This joint is more easily carved, and is of better appearance when the bones are removed before it is dressed. Roll and bind it firmly cover it with strong cold beef broth or gravy, and stew it very gently indeed from six hours to between seven and eight; add to it, after the scum has been well cleared off, one large or two moderate-sized onions stuck with thirty cloves, a head of celery, two carrots, two turnips, and a large faggot of savoury herbs. When the beef is perfectly tender quite through, which may be known by probing it with a sharp thin skewer, remove the fillets of tape, dish it neatly, and serve it with a rich Espagnole, and a garnish of forced tomatoes, or with a highly flavoured brown English gravy, and stewed carrots in the dish: for these last the mild preparation of garlic or eschalots, of page 110, may be substituted with good effect; they should be well drained, laid round the meat, and a little brown gravy poured over the whole.
This is the most simple and economical manner of stewing the beef; but should a richer one be desired, half roast the joint, and stew it afterwards in strong gravy, to which a pint of mushrooms, and a pint of sherry or Madeira, should be added an hour before it is ready for table.
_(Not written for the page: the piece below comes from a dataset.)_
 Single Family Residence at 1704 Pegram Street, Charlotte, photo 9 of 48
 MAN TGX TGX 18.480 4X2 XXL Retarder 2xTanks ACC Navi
Keep it hot while a portion of the gravy is thickened with a well-made brown roux (see Chapter IV (Sauces)., page 96), and seasoned with salt, cayenne, and any other spice it may require. Garnish it with large balls of forcemeat, highly seasoned with minced eschalots, rolled in egg and bread-crumbs, and fried a fine golden brown.
Plainly stewed from 6 to 7 or 8 hours. Or: half roasted, then stewed from 4 to 5 hours.
Grated horse-radish, mixed with some well-thickened brown gravy, a teaspoonful of mustard, and a little lemon-juice or vinegar, is a good sauce for stewed beef.